The intermediate cloud compatibility iteration of the workbench cloud enablement effort was merged. We are now doing some cleanup work in preparation for starting the Cicero backend, which will bring us nearly completely to the CI/CD integration.

We continue collaboration with SRE on production deployment of data publishing. We now have a gradual rollout plan, which respects the plans for SRE infrastructure feature availability.

We are working on recovering the software dependency manifest feature that was lost with the organisation-wide transition to CHaP.

As usual, a number of smaller workbench, data analysis & reporting improvements have been made.

· 2 min read
Serge Kosyrev

High level summary

  1. P2P performance investigation is ongoing, in support of the networking team.
  2. SECP benchmarking enablement is underway: we already have the script and are working on Plutus V2 generation support.
  3. Unexpected setback in the new tracing system: full scale benchmarks have shown a performance regression: local chain syncing benchmarks were an improvement over legacy tracing.
  4. On the open sourcing front we added an integrated data dictionary, which is necessary for explaining ourselves to the world. SRE collaboration on production deployment of performance data publishing has started.
  5. We have started bringing the Nomad-based workbench backend closer to a cloud deployment scenario.

Performance

We are supporting the networking team on P2P performance investigation. Generation support for Plutus V2 was started. We have collaborated with the Plutus team to get a SECP benchmark script, which is now ready for use, pending Plutus V2 support. The transaction generator has also been updated to the cardano-api changes.

Tracing

We ran an initial round of full-scale benchmarks for the new tracing system -- which uncovered a regression relative to legacy tracing, which is contrary to the local chain syncing benchmarks, that showed improvement instead. We added tracing to cardano-tracer, fixing some minor bugs on the way. Network and disk IO metrics are now collected once again and are integrated into analysis.

Infrastructure

The first iteration of the Nomad-based local workbench backend was completed -- it has reached feature parity with the existing supervisor backend. The next iteration started, bringing it closer to the cloud scenario, by deploying to separate Nomad tasks connected by a virtual network. This will serve as basis for CI and full cloud backends.
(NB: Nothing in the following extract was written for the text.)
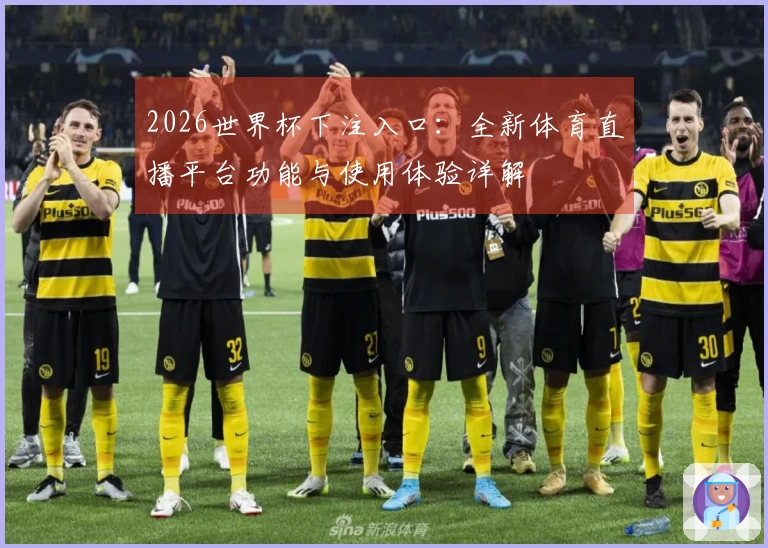 2026世界杯下注入口：全新体育直播平台功能与使用体验详解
We designed and implemented the authoring pipeline for the performance data dictionary, which will be henceforth embedded in our performance reports. We are collaborating with SRE on production deployment of data publishing.
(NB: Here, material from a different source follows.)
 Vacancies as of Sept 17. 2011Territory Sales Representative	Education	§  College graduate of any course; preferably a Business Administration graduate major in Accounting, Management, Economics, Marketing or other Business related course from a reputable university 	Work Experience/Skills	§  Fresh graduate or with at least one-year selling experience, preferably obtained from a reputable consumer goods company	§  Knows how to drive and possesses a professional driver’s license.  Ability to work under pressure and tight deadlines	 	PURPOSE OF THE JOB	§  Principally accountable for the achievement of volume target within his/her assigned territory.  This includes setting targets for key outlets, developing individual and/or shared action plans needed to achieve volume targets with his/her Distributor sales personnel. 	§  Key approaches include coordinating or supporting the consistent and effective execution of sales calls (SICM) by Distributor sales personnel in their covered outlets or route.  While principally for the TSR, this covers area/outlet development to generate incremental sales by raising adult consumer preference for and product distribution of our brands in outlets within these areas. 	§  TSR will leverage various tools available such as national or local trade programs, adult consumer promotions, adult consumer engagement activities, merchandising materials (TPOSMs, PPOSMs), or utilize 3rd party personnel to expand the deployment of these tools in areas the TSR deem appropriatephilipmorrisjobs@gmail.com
A number of smaller workbench, data analysis & reporting improvements have been made.

· 2 min read
Serge Kosyrev

High level summary

On the performance side, the team ran benchmarks for the the P2P feature and the 1.35.4 release. We finished a prototype for performance data publishing. We almost finished the local deployment backend for the workbench using the new SRE deployment infra. We worked on fixing and improving our data analysis pipeline.
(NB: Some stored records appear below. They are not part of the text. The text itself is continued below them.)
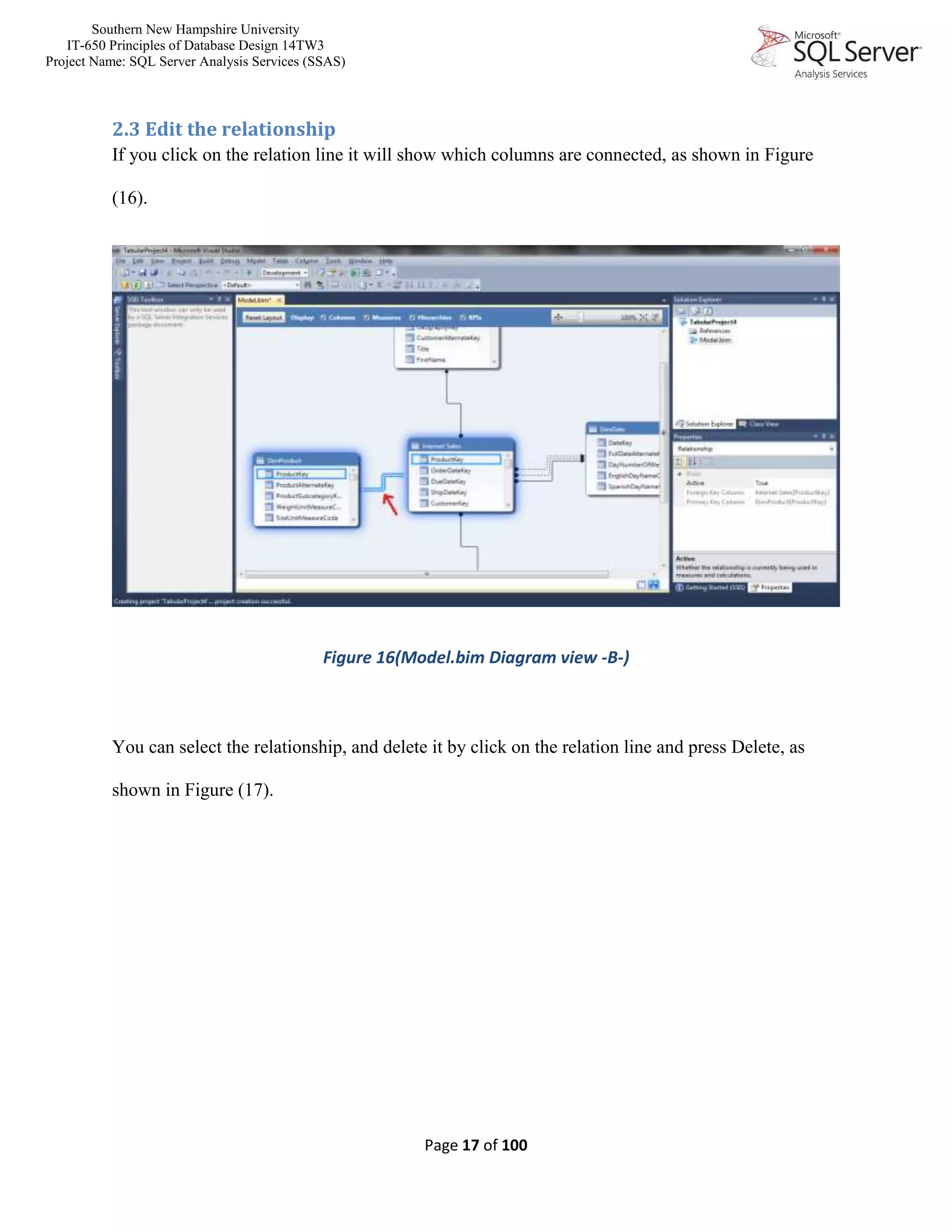 Southern New Hampshire University
IT-650 Principles of Database Design 14TW3
Project Name: SQL Server Analysis Services (SSAS)
Page 17 of 100
2.3 Edit the relationship
If you click on the relation line it will show which columns are connected, as shown in Figure
(16).
Figure 16(Model.bim Diagram view -B-)
You can select the relationship, and delete it by click on the relation line and press Delete, as
shown in Figure (17).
On the tracing side, the team worked on isolating a critical issue causing message loss in the remote tracing backend. The issue was resolved and we now have proper end-to-end coverage for the scenario.

Executive summary

  • The new tracing system public release is getting closer, as we're resolving remaining rough edges that are discovered in full-scale deployments. The local benchmarks we ran were already showing improvement relative to legacy tracing, so we expect similar results at full scale.
  • The first (local deployment) iteration of benchmarking adopting the new SRE deployment infra is nearly done. We thank Michael Fellinger and Robin Stumm for their assistance. Two further phases remain: CI integration and cloud deployment.
  • The benchmarking data publishing prototype is ready. This serves as a springboard for both opening our performance assessment workflow (to support the wider Cardano developer community), and for data provision to the business community. Our next steps are to secure a permanent deployment for this mechanism and to integrate it into the benchmarking infrastructure. This requires collaboration with SRE.